When a node is drained, all Pods on the node must be terminated. By default, if the termination of a Pod is in violation of a PDB, the draining of the node is blocked.

In some situations, you might want to configure a maximum time that the draining of a node can be blocked by a PDB violation. For example, you might want to configure a timeout value before you start a cluster update or upgrade. Or you might need to configure a timeout value for a node that is currently blocked from draining by a PDB violation.

Set a timeout value

Each node is represented by a Machine object.

List the Machine objects in the cluster:

kubectl --kubeconfig CLUSTER_KUBECONFIG get machines

Replace CLUSTR_KUBECONIFG with the path of the cluster kubeconfig file.

Example output:

my-node-pool-7f864959cd-cw472
my-node-pool-7f864959cd-kh86m
my-node-pool-7f864959cd-wtpvx

Open a Machine object for editing:

kubectl --kubeconfig CLUSTER_KUBECONFIG edit machine MACHINE_NAME

Replace MACHINE_NAME with the name of the Machine object.

In the editor, add this annotation:

onprem.cluster.gke.io/pdb-violation-timeout: TIMEOUT

Replace TIMEOUT with a string that specifies the duration of the timeout. Valid time units are "s", "m", "h". Examples of time values are "1h", "1h30m", "10m", and "100s".

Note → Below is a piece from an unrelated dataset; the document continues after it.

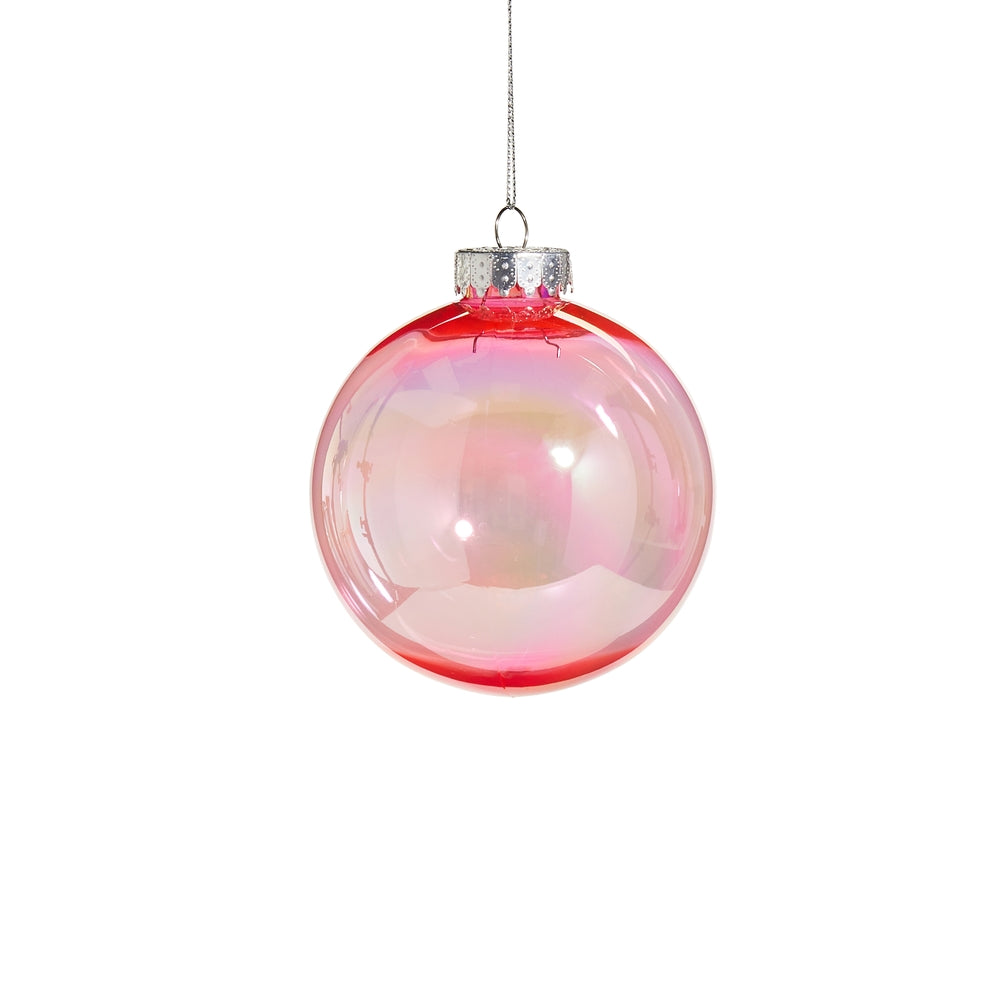 4" Bright Seamless Iridescent Ball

If you set the timeout value to "0s", then PDB violations will never time out. This is the same as the default behavior.

Example:

apiVersion: cluster.k8s.io/v1alpha1
kind: Machine
metadata:
  annotations:
    kubelet-version: 1.23.5-gke.1502
    onprem.cluster.gke.io/gke-on-prem-version: 1.12.0-gke.430
    vm-ip-address: 203.0.113.2
    onprem.cluster.gke.io/pdb-violation-timeout: "5m"

Close the editing session.

Rolling updates

During a rolling update, a new surge machine is created first. Then the old node is drained, and after all the Pods on it have been evicted, the old Machine object and Node object are both deleted. The PDB violation timeout annotation does not persist on the newly created Machine object.